Le billet d’Hubert Guillaud questionne une extension du domaine de la lecture qui intègre sans doute les écrans, mais qui au fond recycle nos vieilles légitimités : comment se fait-il que les internautes ne se précipitent pas davantage vers le téléchargement de livres numérisés, alors qu’ils dévorent musiques et films téléchargés, et se repaissent de Wikipedia ? Cette interrogation me pose problème : elle laisse penser que le seul livre possible est le discours codifié et éditorialisé tel que la forme codex et l’appareil de l’édition en ont fixé le cadre. Or, même si Amazon ne vend pas autant de livres numérisés qu’il le souhaiterait pour son Kindle, les internautes plongent par millions dans cette immense encyclopédie sans éditeur qu’est Wikipedia, naviguent dans les ressources de sites institutionnels non mis en forme par un éditeur au sens classique, etc. On assiste à une explosion-mutation des modes de lecture, comme le soulignait ailleurs le même Hubert Guillaud.
En questionnant l’acte de lecture comme acte de structuration de soi par recours conscient à des informations structurées (faits, pensées, créations imaginaires), nous pouvons dépasser la stricte référence aux supports (et j’inclus Internet dans les supports). Le vrai changement dans la lecture, c’est la fin de l’exclusivité d’une information filtrée par l’éditeur.

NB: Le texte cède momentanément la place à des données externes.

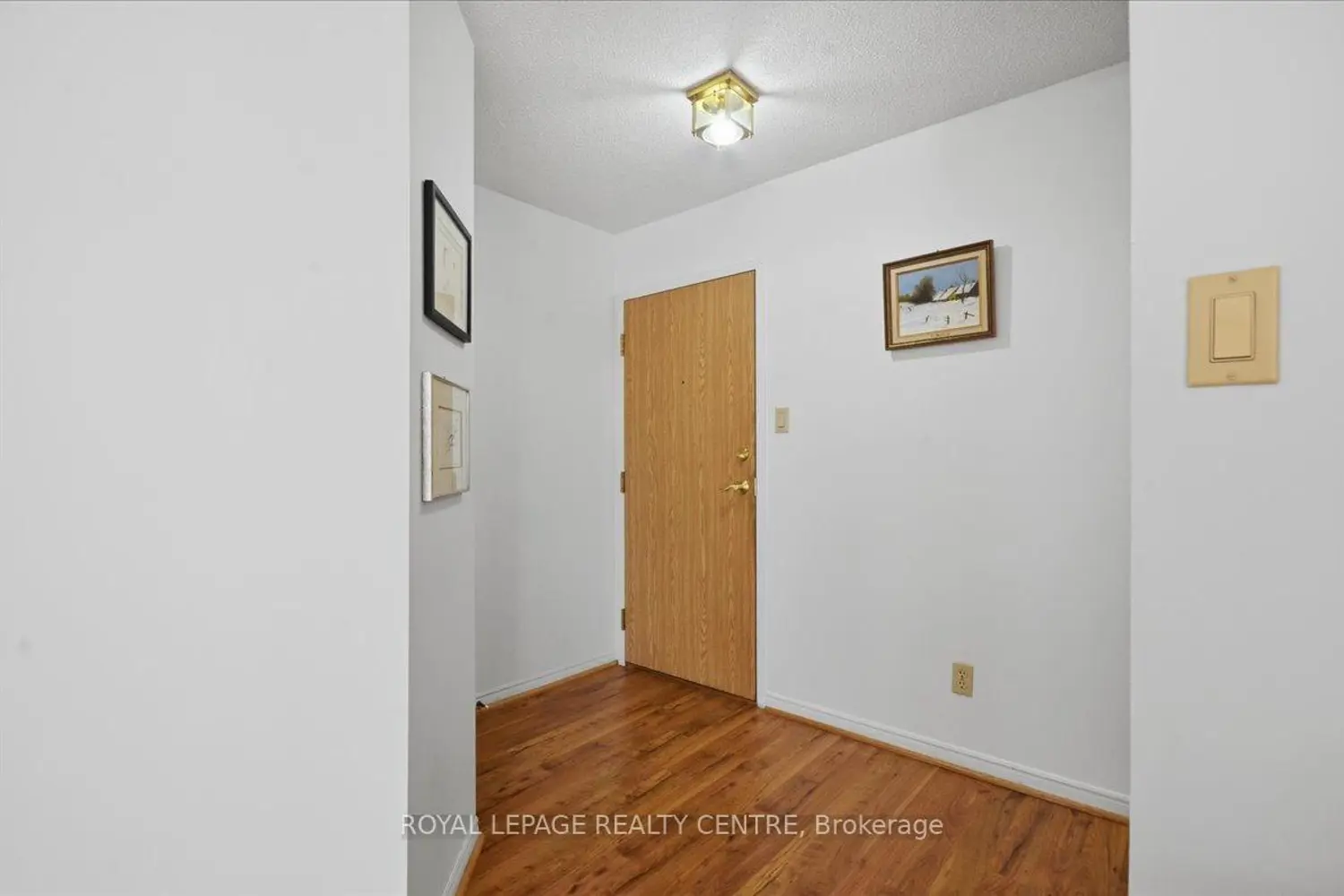 1360 Rathburn Road 410 photo 5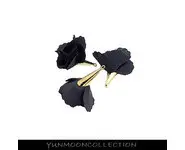 Corsage rose gris foncé pendentif pompon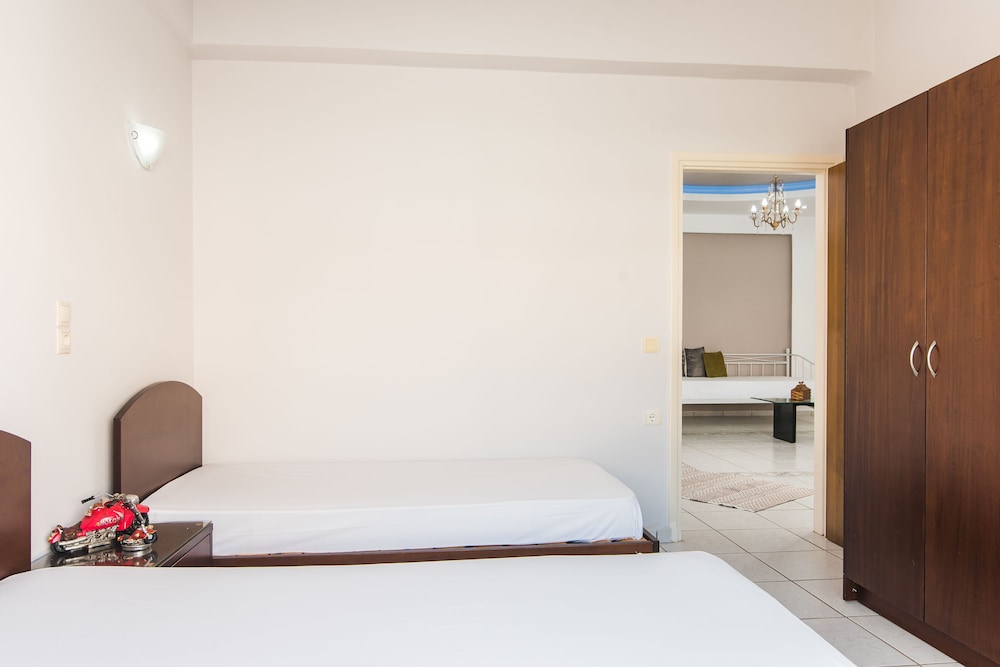 Yiannis Manos Hotel Resort 16/50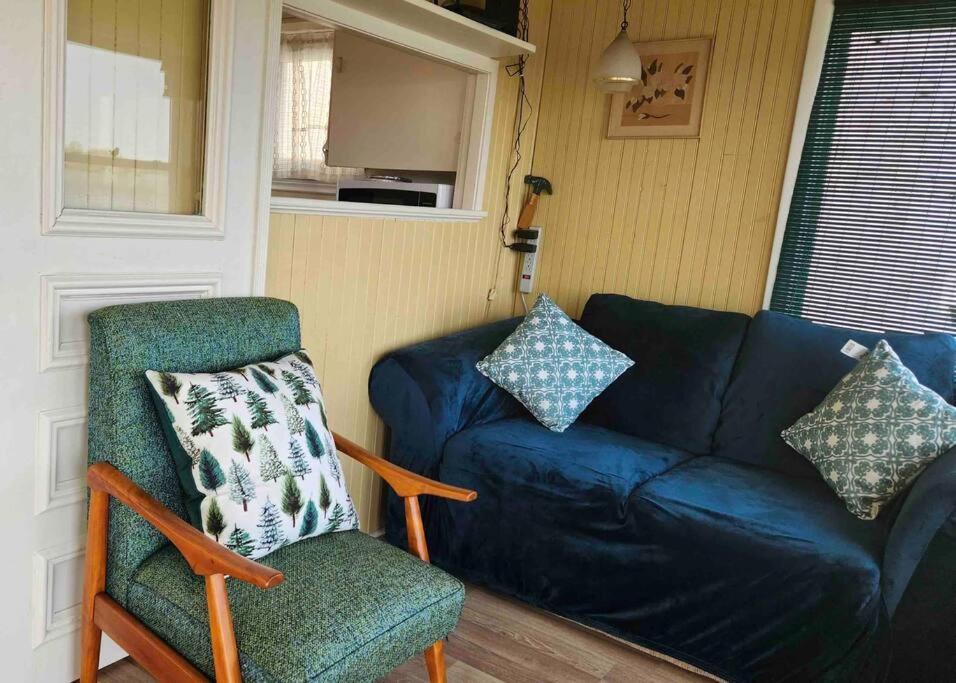 Skylight Waterfront home w/ amazing view/dock/boat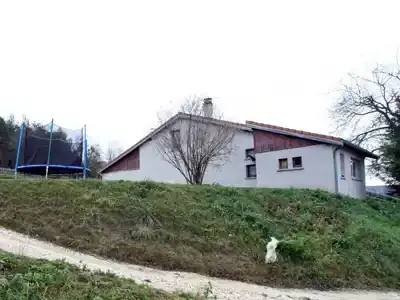 Un bébé en décomposition découvert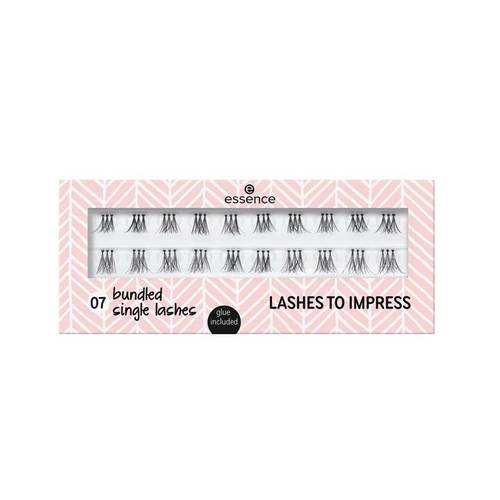 „Essence Lashes To Impress 07“ blakstienų rinkinys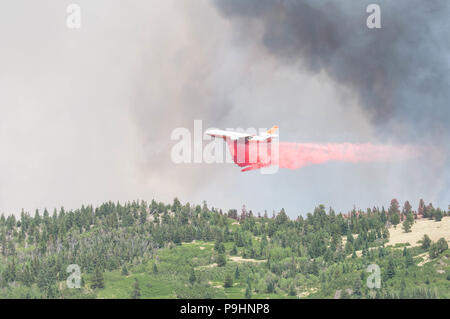 Un avion, équipé d'un système de lutte contre les incendies en vol modulaire, gouttes de lisier pour appuyer les efforts de suppression des incendies le 4 juillet 2018. (U.S. La Garde nationale de l'armée photo par le Sgt. 1re classe Marc Belo) Banque D'Images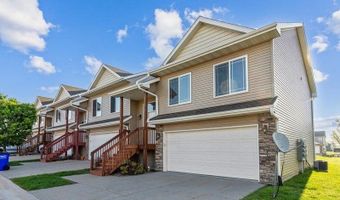 1810 Goose Lake Cir, North Liberty, IA 52317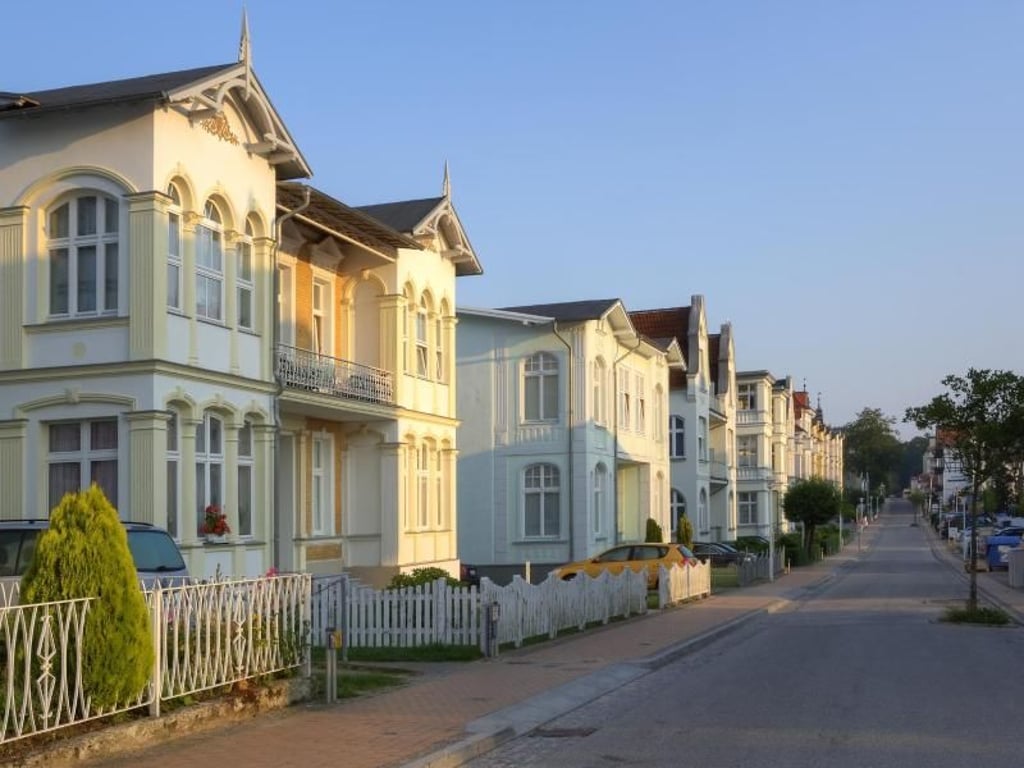 Die Bäderarchitektur aus der Kaiserzeit macht auch heute Eindruck - an der Promenade von Bansin ist noch viel davon zu sehen, genau wie in Heringsdorf und Ahlbeck. Foto: Usedom Tourismus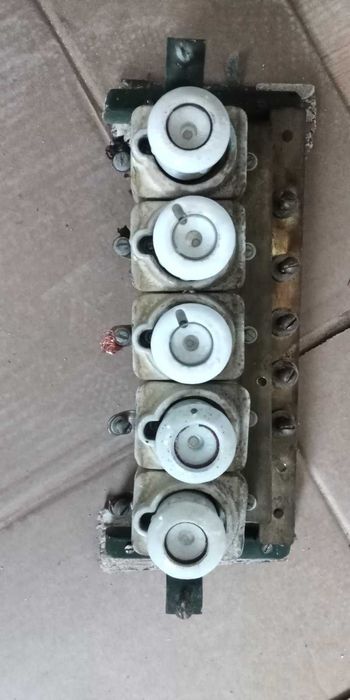 ел табло работещо с 5 предпазителя със стойка и шина за зануляване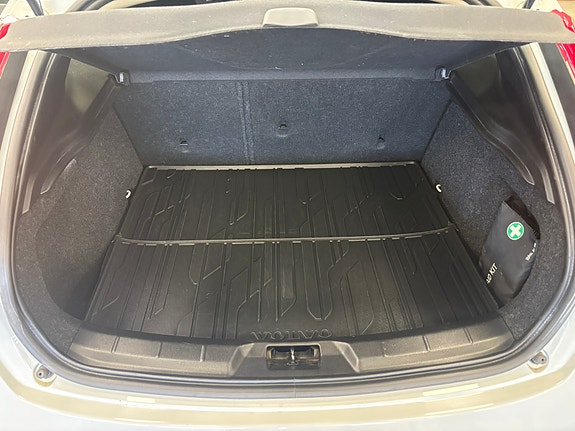 Volvo V40 11 of 12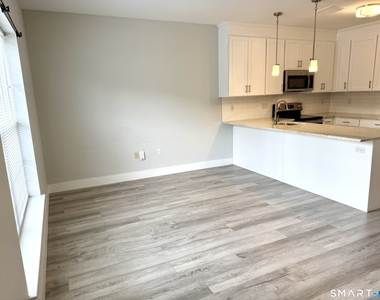 502 Howe Avenue - Photo Thumbnail 6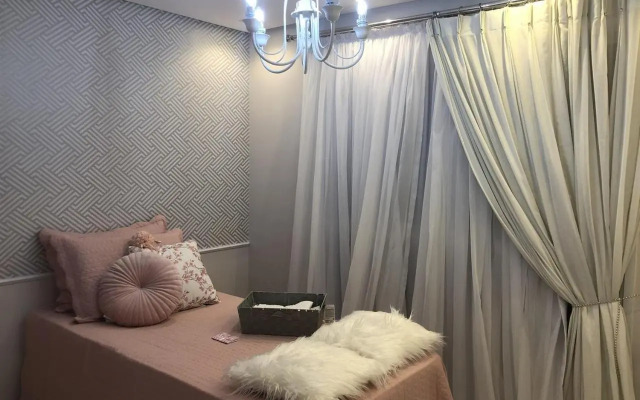 Apto novo, 2 quartos, quadra praia em Santos.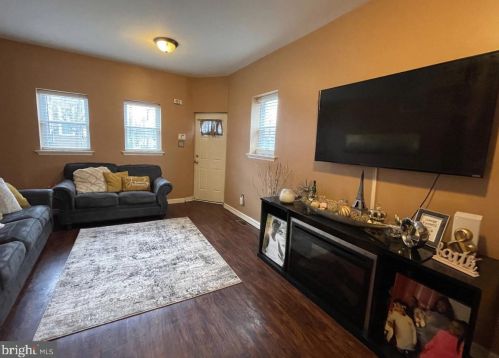 650 Clinton St, Camden NJ  08103-1428 exterior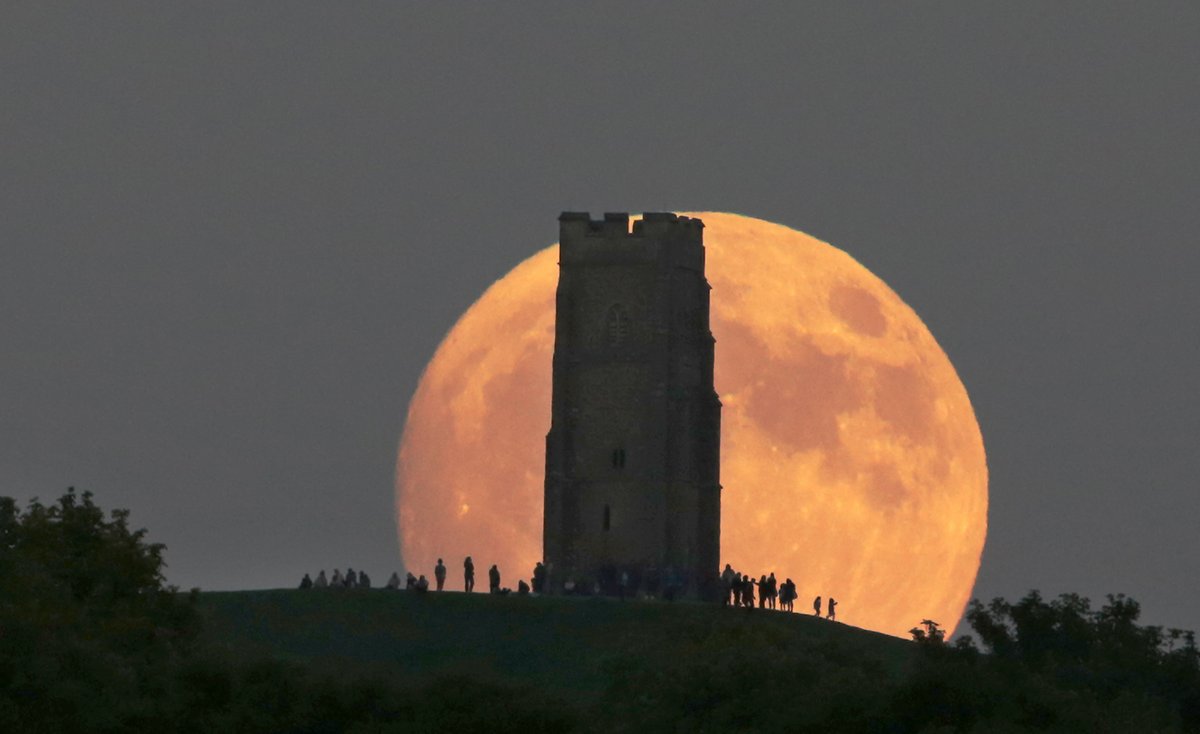 Cloud9weather1's tweet photo. June'22 #StrawberryMoon rising over Glastonbury Tor this evening  @StormHour https://t.co/IuP0lYVXiO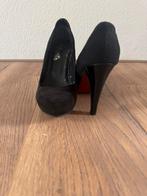 Zwarte pumps met iconische rode zool, Kleding | Dames, Schoenen, Pumps, Zwart, Ophalen of Verzenden, Gedragen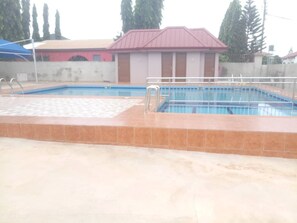 Pool - Family friendly,calm environment (Tema)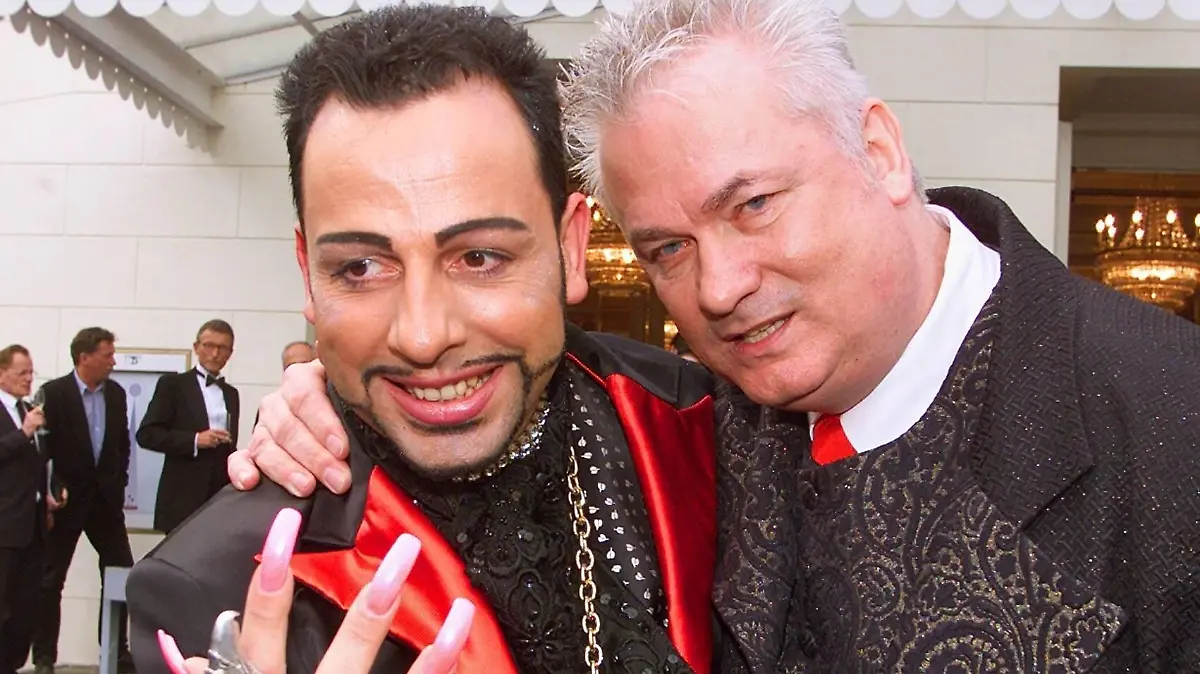 Thema: Verleihung des 9. FIFI AWARDS in Berlin. Er ist der Oscar des Parfums und wurde 1976 das erste Mal von der amerikanischen Fragrance Foundation verliehen. Mit dabei waren:Harald Glööcklerl mit Dieter Schroth *** Topic Presentation of the 9 FIFI AWARDS in Berlin It is the Oscar of perfume and was awarded for the first time in 1976 by the American Fragrance Foundation With Harald Glööckler l with Dieter Schroth Copyright: xIMAGOxHenryxH.xHerrmannx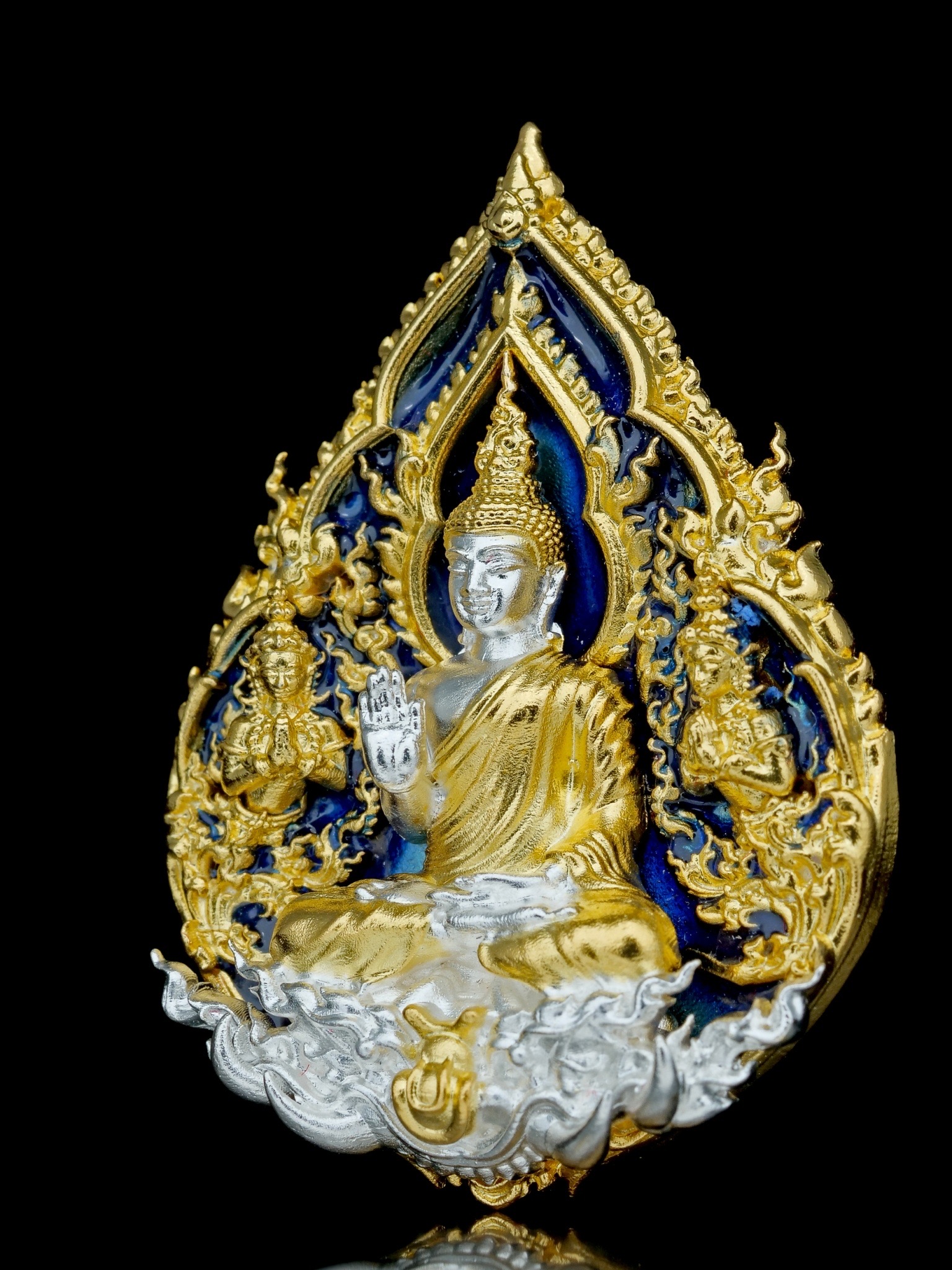 พระพุทธประทานพร รุ่น พุทธบารมี รหัส4 เนื้อบรอนซ์ชุบทอง ลงยาน้ำเงิน องค์ชุบ2K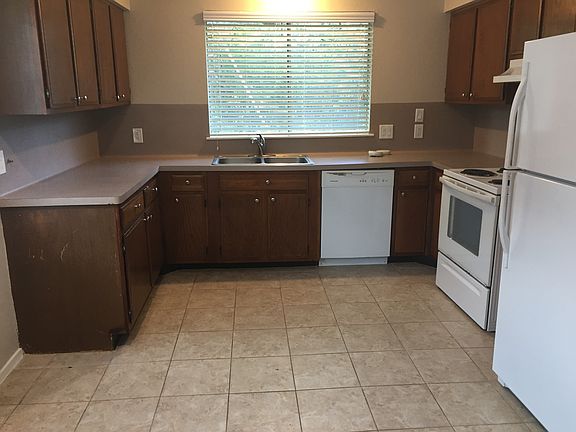 3rd image of 630 Stephanie Dr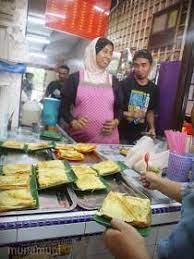 Harga makanan agak murah dan terdapat pelbagai menu lain yang dihidangkan di sini. Penang Kini Sarapan Roti Sandwich Yg Unik Di Astaka Facebook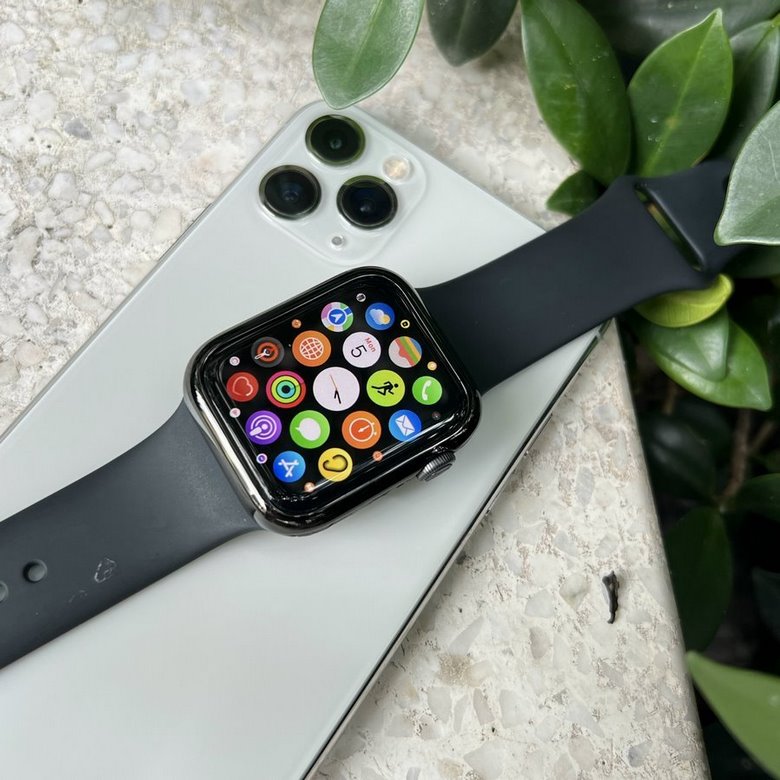 Có nên mua Apple Watch Bản Thép?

Reste pour nous autres bibliothécaires à considérer comment la discrimination bibliothécaire peut s’ajouter se substituer au filtre de l’éditeur : le filtre de l’éditeur rejette dans le néant ce qu’il ne veut pas voir paraitre, la discrimination prend acte de l’accessibilité de tout (y compris de plus en plus des produits éditoriaux) et construit un appareil de lecture.